_Task_: When writing out the entries below, keep only the lines from the line with "Sandwich with salmon for breakfast" to the line with "Brązowe, casualowe loafersy", both included, exactly as they are, and leave the pictures aside.

:: Source information

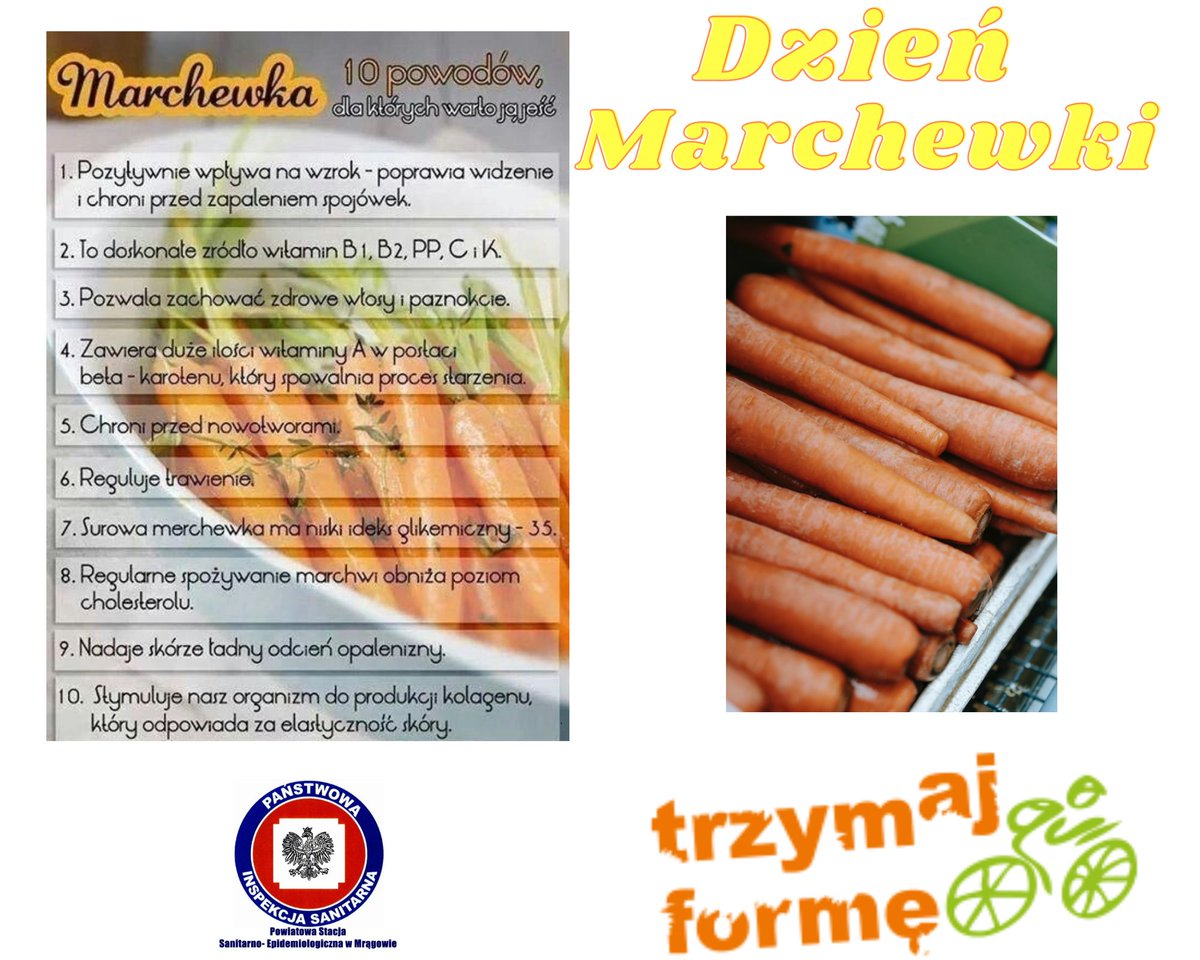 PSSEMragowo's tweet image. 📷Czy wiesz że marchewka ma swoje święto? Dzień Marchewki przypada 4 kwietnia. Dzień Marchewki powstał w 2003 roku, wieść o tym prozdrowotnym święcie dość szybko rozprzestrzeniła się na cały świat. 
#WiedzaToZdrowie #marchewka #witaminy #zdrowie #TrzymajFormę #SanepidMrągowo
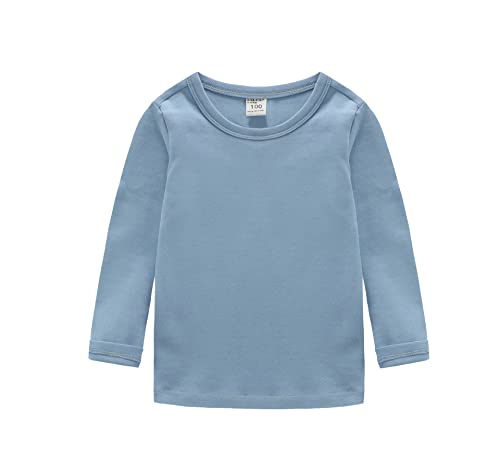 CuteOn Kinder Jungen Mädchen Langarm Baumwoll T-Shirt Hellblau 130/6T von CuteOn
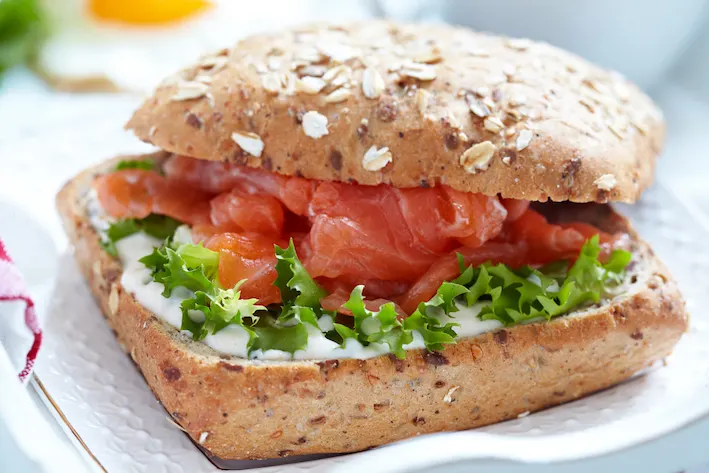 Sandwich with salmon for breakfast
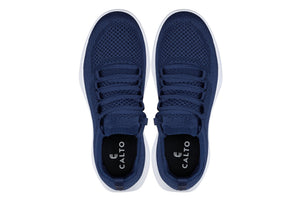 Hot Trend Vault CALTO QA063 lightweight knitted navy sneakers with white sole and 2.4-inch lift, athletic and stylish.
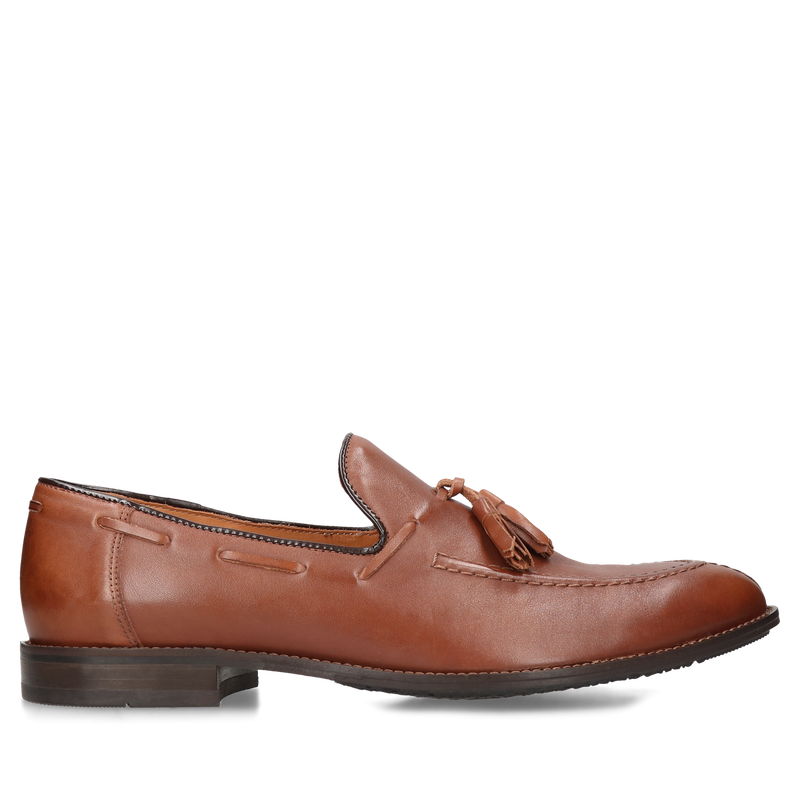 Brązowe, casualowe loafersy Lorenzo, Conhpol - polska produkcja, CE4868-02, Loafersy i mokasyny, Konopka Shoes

::::
:: Source information

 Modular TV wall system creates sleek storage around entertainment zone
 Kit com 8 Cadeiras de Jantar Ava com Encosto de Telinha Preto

::::

_Problem solution_:
 Sandwich with salmon for breakfast
 Hot Trend Vault CALTO QA063 lightweight knitted navy sneakers with white sole and 2.4-inch lift, athletic and stylish.
 Brązowe, casualowe loafersy Lorenzo, Conhpol - polska produkcja, CE4868-02, Loafersy i mokasyny, Konopka Shoes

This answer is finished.